In addition, bothersome side effects such as somnolence or sexual dysfunction, even when they do not lead to
premature drug discontinuation or inadequate dosing, clearly compromise quality of life. Methodological issues There are considerable methodological challenges related to the study and clinical management of side effects. When evaluating side-effect data, it is important to consider Inhibitors,research,lifescience,medical whether the information was obtained by spontaneous report, self-report checklists, or responses to direct, questioning.
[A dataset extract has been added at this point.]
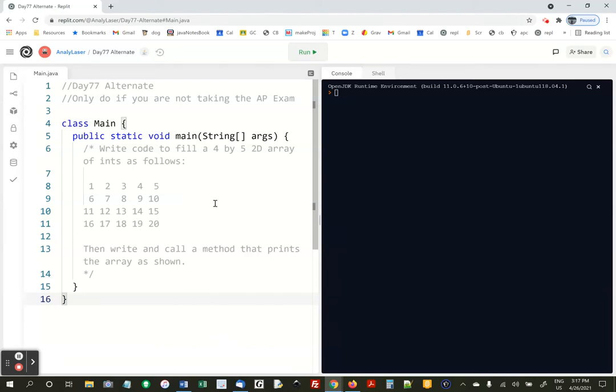All right, so this is the alternate assignment that you only have to do if you're one of the five people not taking the AP exam this year. So if you are planning to take the AP exam, don't do this, unless you want to for extra practice, but you don't need to. All right, so here's what's up.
Spontaneous reporting of side effects following an open-ended question (eg, “any change since last, visit?”) typically yields a lower incidence of adverse events than itemized self-report checklists Inhibitors,research,lifescience,medical (eg, the Frequency, Intensity, and Burden of Side Effects Rating (FIBSER) Scale4) or direct questioning about specific side effects (The Systematic Assessment for Treatment Emergent Events-Specific Inquiry [SAFTEE-SI]5).The reporting of certain side effects, particularly sexual dysfunction, may also be influenced by the degree of comfort the patient/subject has with the subject area and
with the questioner; this may be affected by gender, culture, and other factors. Side-effect rates presented for an antidepressant in isolation tend to be of somewhat Inhibitors,research,lifescience,medical limited benefit, as common experiences such as headache or rhinitis inevitably figure prominently, even if they bear Inhibitors,research,lifescience,medical no specific relationship to the agent. Hence, side effects presented as placebo-adjusted rates are often more informative. So too arc comparative rates of specific side effects buy Ki16425 across a number of antidepressant agents, which allow clinicians and patients to make informed choices about the relative
risks of side effects of greatest concern to the patient. In both research and clinical contexts, an important challenge is presented by the Inhibitors,research,lifescience,medical phenomenological overlap between side effects and residual symptoms of depression. Thus, fatigue, cognitive impairment, apathy, jitteriness and irritability, and sleep and appetite changes are core features of depression, but may also be related to antidepressant, treatment. In a small study of 43 depressed inpatients,6 which investigated the Phosphoprotein phosphatase rate of somatic symptoms and complaints that were present before and after treatment, many symptoms often considered to be side effects of drugs were also present prior to treatment, including dry mouth, lightheadedness, sweating, tremors, and constipation. The distinction between residual symptoms and side effects is crucial, as they call for very different responses. In the latter case, a dose increase or pharmacological or other augmentation of treatment may be required. In the former case, a dose reduction or use of a pharmacological antidote would be important initial considerations.